Ich habe kürzlich meine ID verloren. Die Polizei schrieb mir, dass sie jemand gefunden hätte. Gleichzeitig teilte sie mir mit, dass sie die ID annulliert habe. Ich war echt wütend.
Wir haben oft Menschen, die ihre ID oder ihren Pass als vermisst melden. Später finden sie ihren Ausweis wieder und reisen damit herum. Und plötzlich haben Sie bei der Grenzkontrolle Probleme, das Gepäck muss wieder aus dem Flieger ausgeladen werden – und sie landen hier im Notpassbüro. Der Grund: Ein als verloren oder gestohlen gemeldeter Pass oder eine ID wird im System annulliert und verliert somit die Gültigkeit.

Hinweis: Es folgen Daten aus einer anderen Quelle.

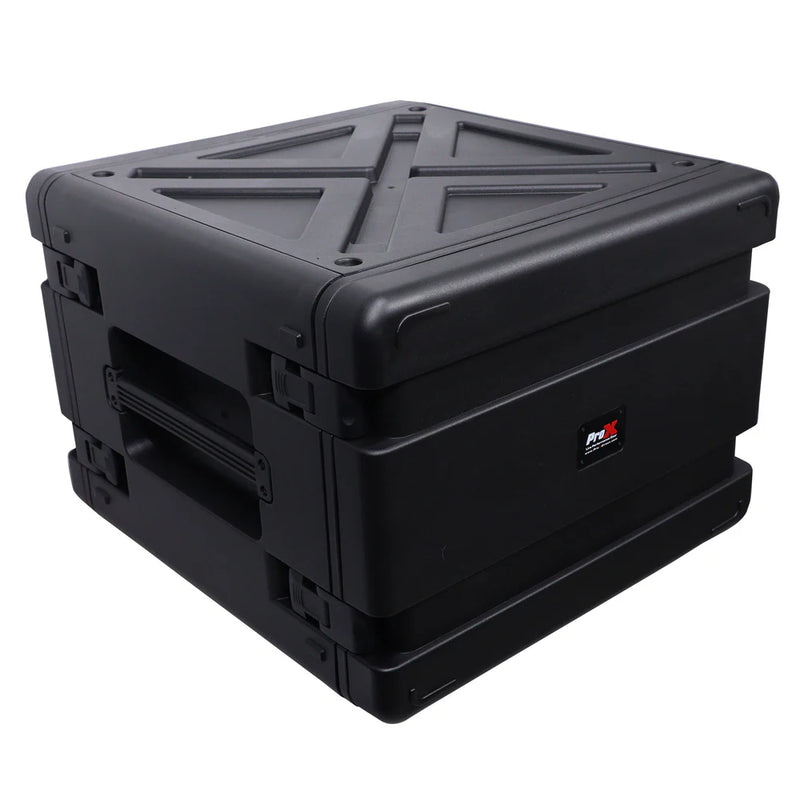 PRO-X- XM-8U - ProX XM-8U UltronX Watertight 8U Rack Space Molded Plastic Case - 18"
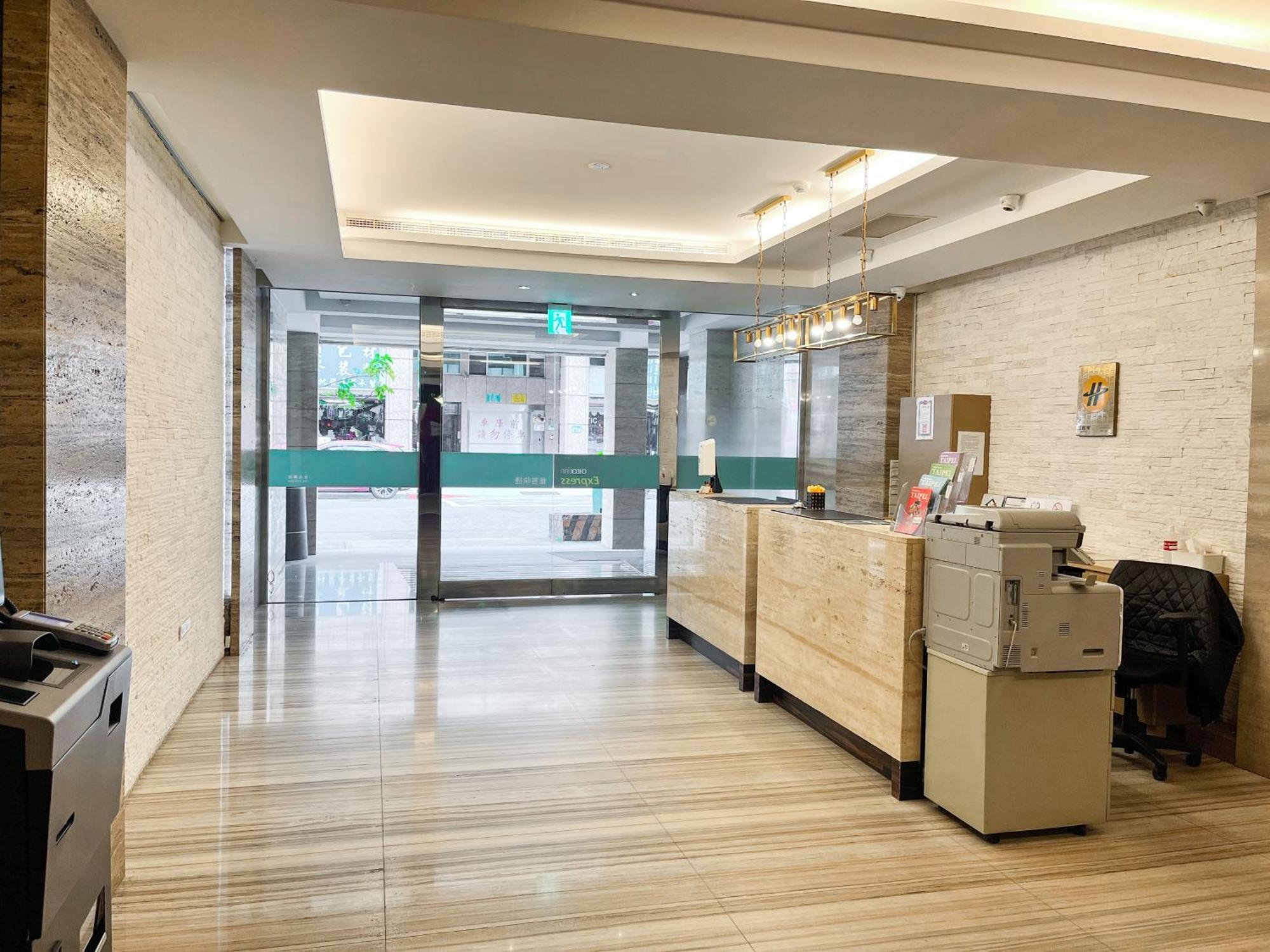 Check Inn Express Taipei Station Zewnętrze zdjęcie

Ihr Tipp als Profi, damit man nie bei Ihnen im Notpassbüro strandet?
Ich empfehle einen Blick auf die Homepage der Airlines: Die meisten Fluggesellschaften informieren darüber, welche Dokumente man für die Reise in ein Land braucht. Ohne Identitätsnachweis ist man beim Reisen aufgeschmissen.